史跡 ・中世集石墓
中世集石墓(市指定 昭和32年3月30日)
【所有】個人
【所在】久野3261
【形状】
この遺構は、昭和26年3月に久野遺跡調査会によって発掘され、後日、神奈川県文化財専門委員であった石野瑛等によって調査されました。検出された敷石遺構は6.5m×3.8mほどの範囲に、大・小126個ほどの河原石が敷かれているもので、縄文時代晩期から弥生時代の敷石住居址と推定されましたが、土器は出土していません。敷石やや西寄りには土坑があり、この土坑からは多くの火葬骨と13世紀中頃の愛知県常滑産の甕が出土しています。
【概説】
石野瑛は敷石遺構について、時代判定は困難であるとしながらも、縄文時代晩期から弥生時代のものと推定し、「高低凸凹、諸所空隙があって敷石面は不整合である。
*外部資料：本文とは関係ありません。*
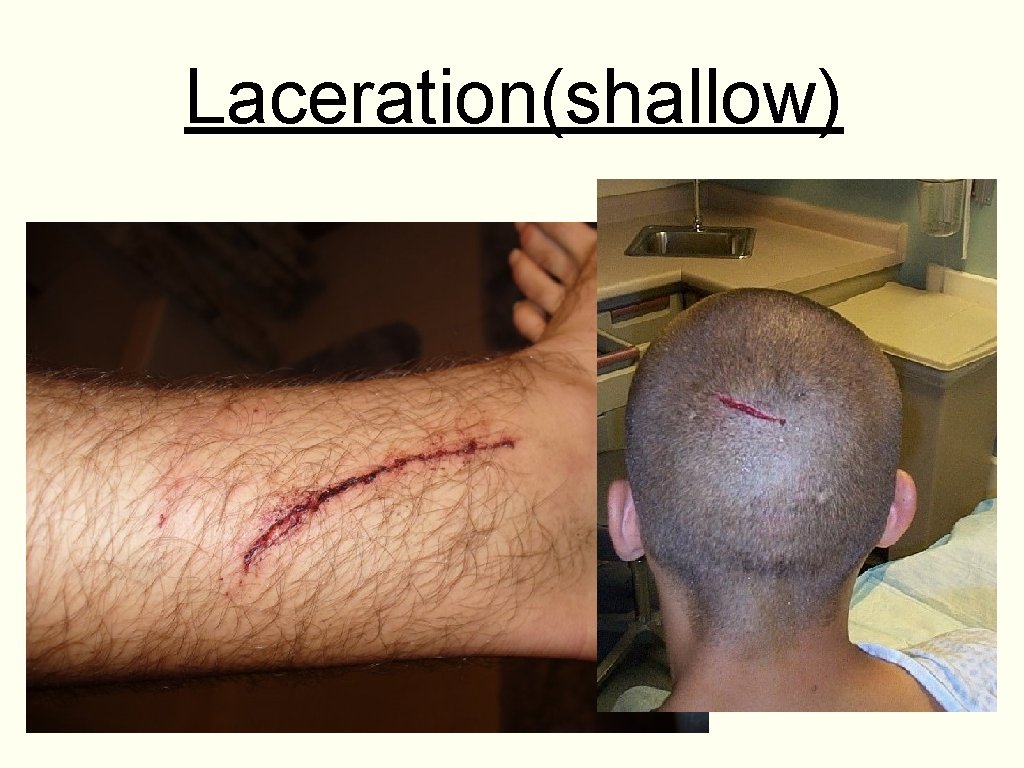 Laceration(shallow)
遺物としては敲き石が二個出ているが、土器は発見されていない。敷石の中程より西寄りに室町期の陶器(甕形)を伏せて、中に火葬骨を充填してあった。時代の異なった遺跡が重なったものである。」と、同一の場所からまったく異なった時代の遺構が重なって発見された貴重な事例と述べています。
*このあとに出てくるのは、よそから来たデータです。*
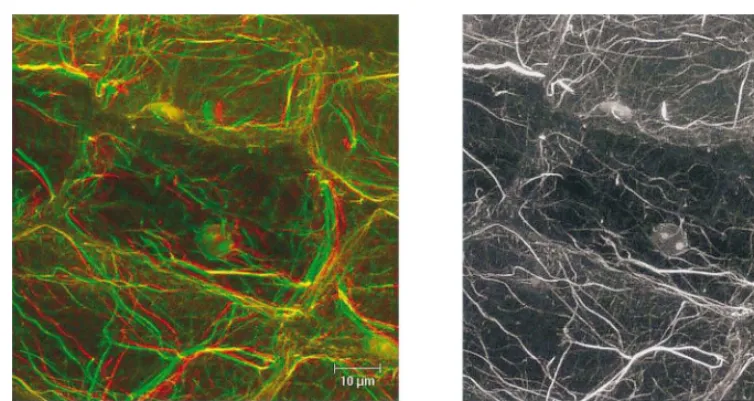 Fig. 4. Laser scanning confocal ﬂuorescence microscope image of pea stem tissue stained with rhodamine-phalloidin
しかし、最近の研究では、ここで検出されたような敷石遺構は敷石住居址ではなく、集石墓と呼ばれる中世の墓であるとの見方が有力です。集石墓とは、13世紀前半から中頃にかけて多く築かれ、主に人頭大の石を用いて区画をし、内部に河原石を敷き詰めて蔵骨器を埋納する形態のものです。この遺跡の場合も、大型の常滑産の甕を蔵骨器、もしくは蔵骨器の外容器として用いた墓であると考えられます。